MATERIAL PROVIDED>
┄┄┄┄┄┄┄┄┄┄

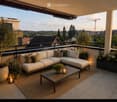 Modern balcony with a white sectional sofa, coffee table, candles, and potted plants, overlooking a cityscape with trees and buildings.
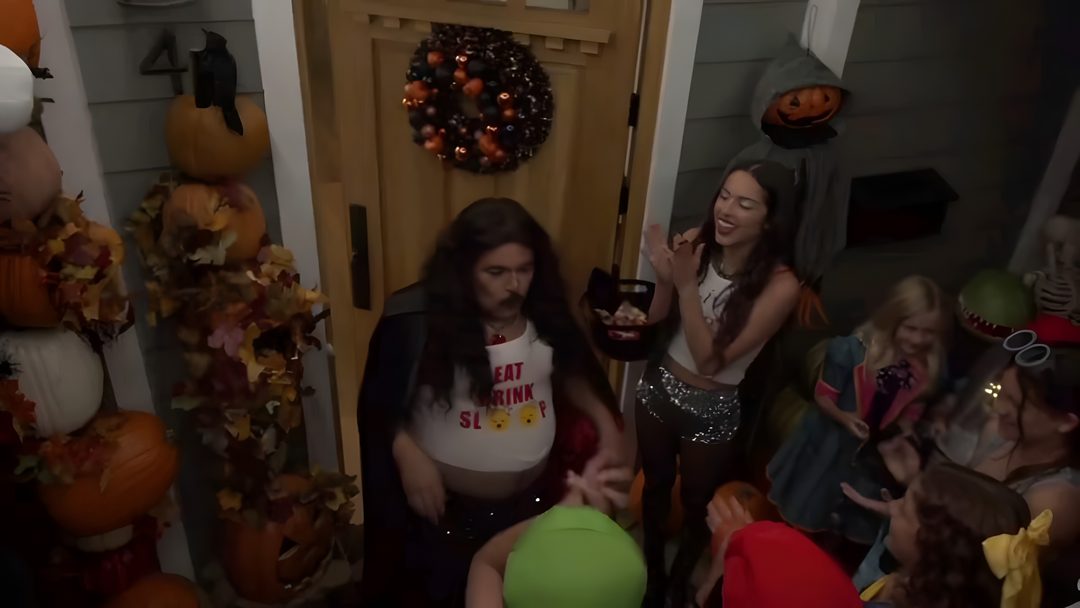 a group of people standing in front of a door with halloween decorations on the wall Halloween Olivia Rodrigo Olivia Rodrigo Snl, Bizaardvark Halloween, Olivia Rodrigo Halloween, black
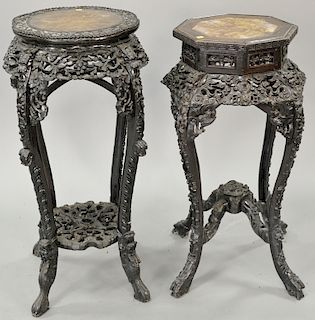 Two Chinese carved stand with inset marble tops. ht. 34 1/2 in. and ht. 37 in. Provenance: From an estate in Lloyd Harbor, Long Isla...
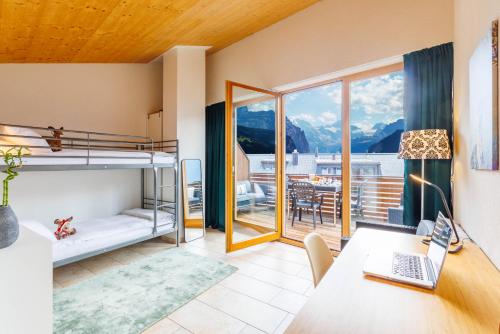 a bedroom with bunk beds and a desk with a laptop at Kinohaus 3 in Wengen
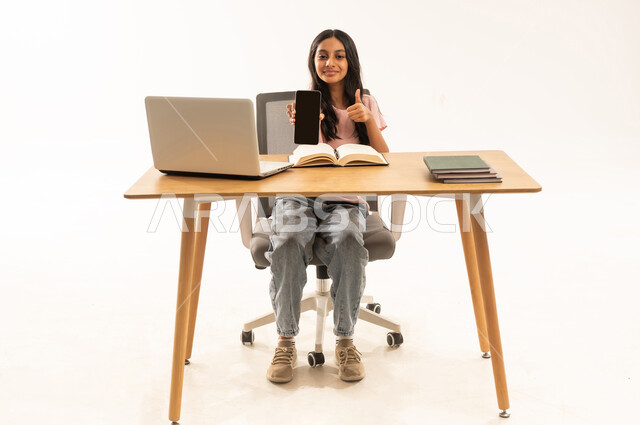 Arab Girl Student at Desk Holding Smartphone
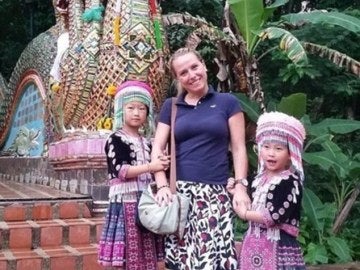 La mujer posando con las dos niñas caracterizadas en Tailandia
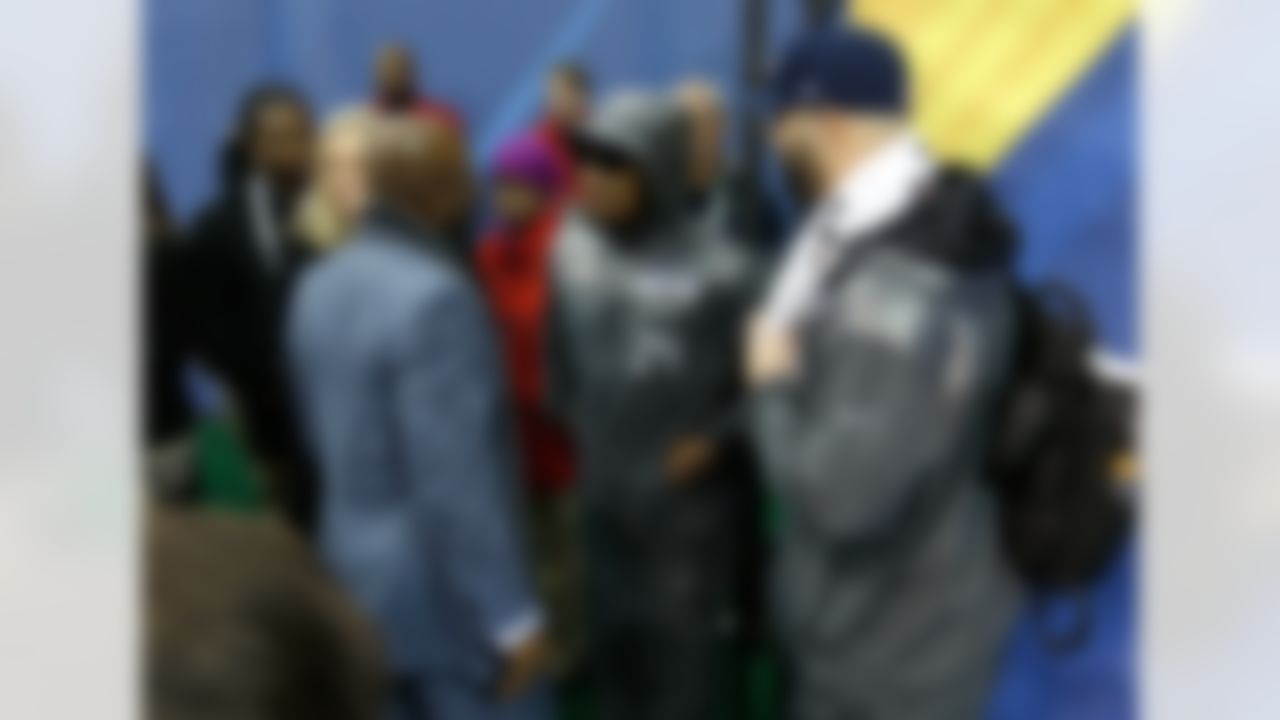 Seattle Seahawks running back Marshawn Lynch, center, speaks with NFL Network's Deion Sanders, left, during the Super Bowl XLVIII Media Day at the Prudential Center on Tuesday, January 28, 2014 in Newark, NJ. (Perry Knotts/NFL)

┄┄┄┄┄┄┄┄┄┄

ASSIGNMENT> Give back the whole listing exactly, without pictures.

TASK ANSWER>
 Modern balcony with a white sectional sofa, coffee table, candles, and potted plants, overlooking a cityscape with trees and buildings.
 a group of people standing in front of a door with halloween decorations on the wall Halloween Olivia Rodrigo Olivia Rodrigo Snl, Bizaardvark Halloween, Olivia Rodrigo Halloween, black
 Two Chinese carved stand with inset marble tops. ht. 34 1/2 in. and ht. 37 in. Provenance: From an estate in Lloyd Harbor, Long Isla...
 a bedroom with bunk beds and a desk with a laptop at Kinohaus 3 in Wengen
 Arab Girl Student at Desk Holding Smartphone
 La mujer posando con las dos niñas caracterizadas en Tailandia
 Seattle Seahawks running back Marshawn Lynch, center, speaks with NFL Network's Deion Sanders, left, during the Super Bowl XLVIII Media Day at the Prudential Center on Tuesday, January 28, 2014 in Newark, NJ. (Perry Knotts/NFL)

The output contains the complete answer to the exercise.